Pourtant, depuis l’origine, la Convention et les Conventionnels suscitent des jugements contradictoires. Les contemporains sont (très) divisés et au fil des décennies, l’écho de ces divisions retentit encore. L’action controversée de la Convention reste un vigoureux sujet polémique.
La Convention est perçue avant tout comme violente. Pour notre époque au parlementarisme douillet, cette violence dérange et demeure difficile à appréhender. Le sang répandu laisse dans l’imaginaire une trace que les lois les plus bienfaitrices ne parviennent pas à effacer.
Son extraordinaire complexité politique en fait par ailleurs un perpétuel sujet d’étude historique. Malgré l’attention soutenue des historiens, de multibles recherches et investigations approfondies, la Convention recèle encore des mystères. Comment s’étonner alors que le grand public réduise la Convention à quelques noms, en une simplification souvent proche de la caricature.
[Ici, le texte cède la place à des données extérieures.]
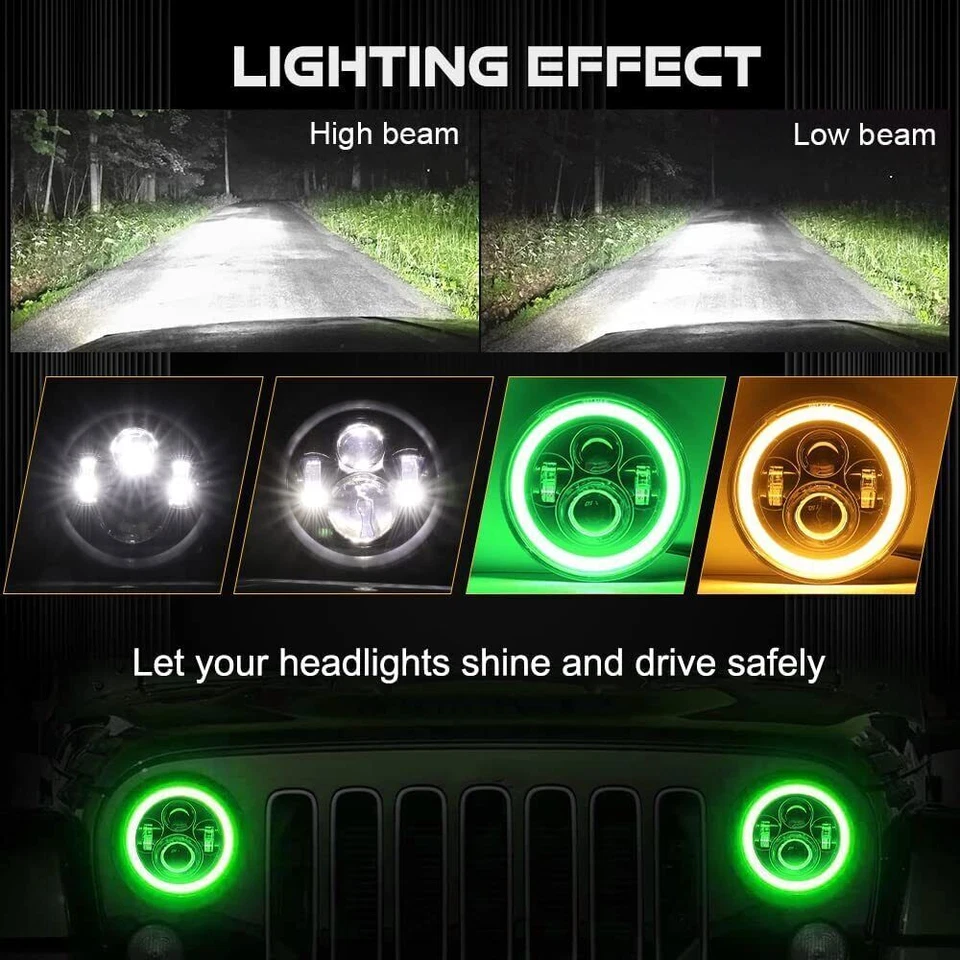 Par Fit Chevy Bel Air 1953 1954 1955 1956 1957 7"" Farol de LED Verde HALO DRL - Imagem 3 de 4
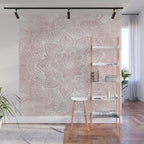Mandala Yoga Love, Blush Pink Floral Wall Mural Gallery Image 1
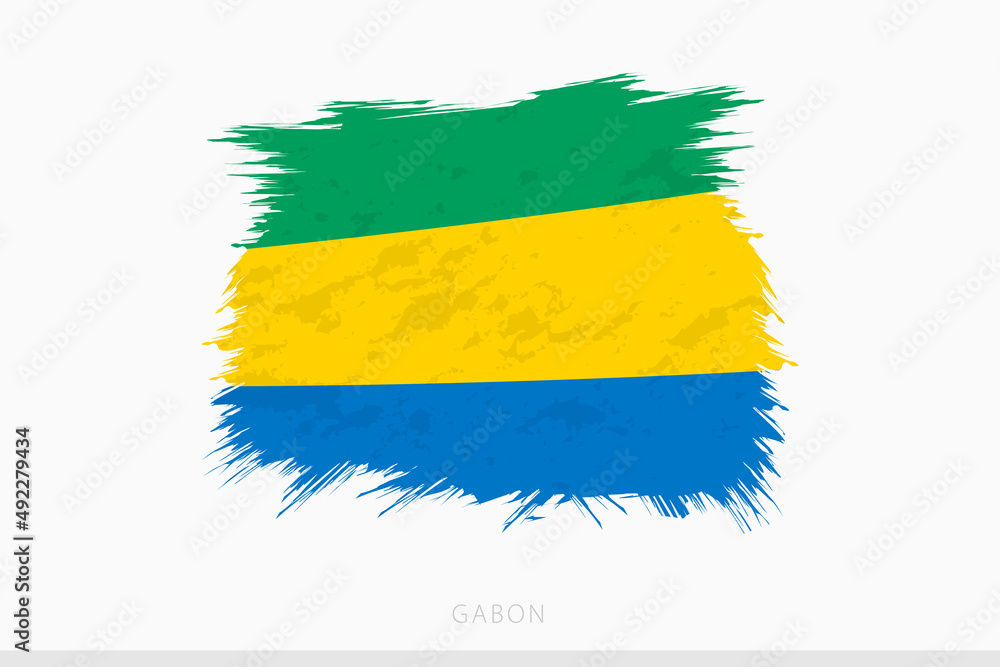 Obraz premium Grunge flag of Gabon, vector abstract grunge brushed flag of Gabon.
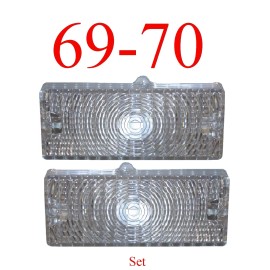 Key Parts 69 70 Chevy 2Pc Clear Parking Light Set L&R C/K, In Grill, Truck Suburban Blazer
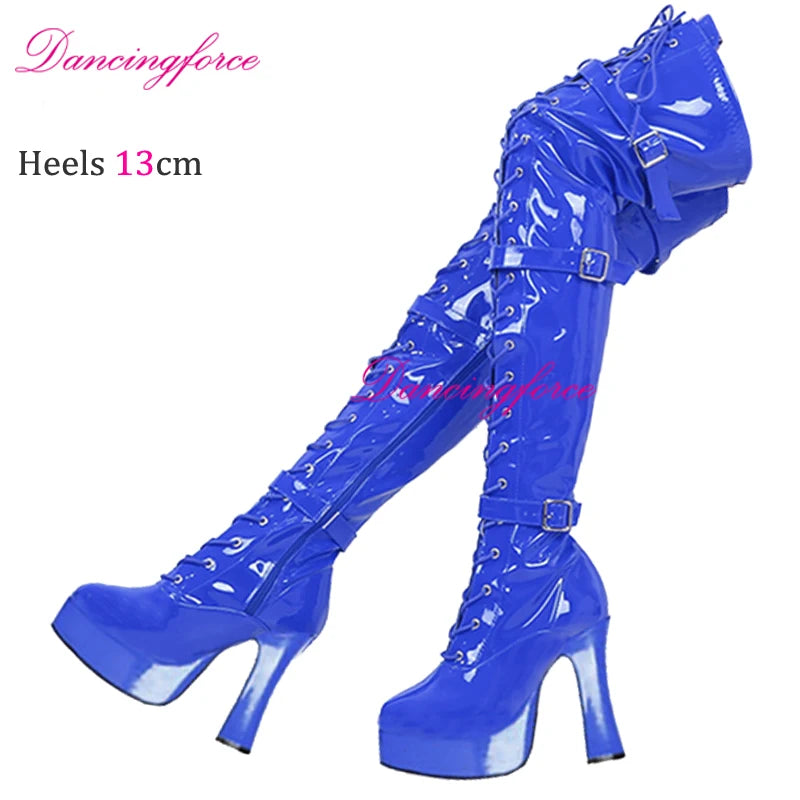 Sexy Green 13cm Chunky Heels Over Knee Boots 3 Buckles Belts Thick Platform Nightclub Party Dance Thigh High Long Boots Women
En réalité, la Convention a de multiples visages et opère de nombreuses métamorphoses. La Convention change souvent d’opinion, se renie, se contredit, admirant puis éxécrant les mêmes hommes, adorant puis brûlant les mêmes idées. Cette instabilité reste énigmatique et suscite nombre de questions. Comment expliquer que les rapports de force en son sein évoluent constamment? Pourquoi et comment les Conventionnels se condamnent-ils mutuellement? Comment vivent-ils les évènements enthousiasmants et/ou terrifiants de la session? Comment peuvent-ils cependant cohabiter et coopérer ?
Ensuite, les premiers républicains laissent, après bien des convulsions, la place à un soldat. Comment la Première République Une et Indivisible, si puissante, peut-elle si vite s’effondrer?
Pour expliquer la mise en oeuvre par une même assemblée d’orientations politiques contradictoires, pour reconstituer la logique de comportements apparamment aberrants, il faut prendre part au débat.
Tel un député fraîchement arrivé de son département, prenez place et découvrez, dans une salle sombre et austère, au coeur de Paris, autour de vous, ces quelques centaines d’hommes, les Représentants du Peuple Français, chichement vêtus, installés sur des bancs de bois, qui entreprennent, dans un environnement difficilement imaginable aujourd’hui, l’utopie de changer le monde.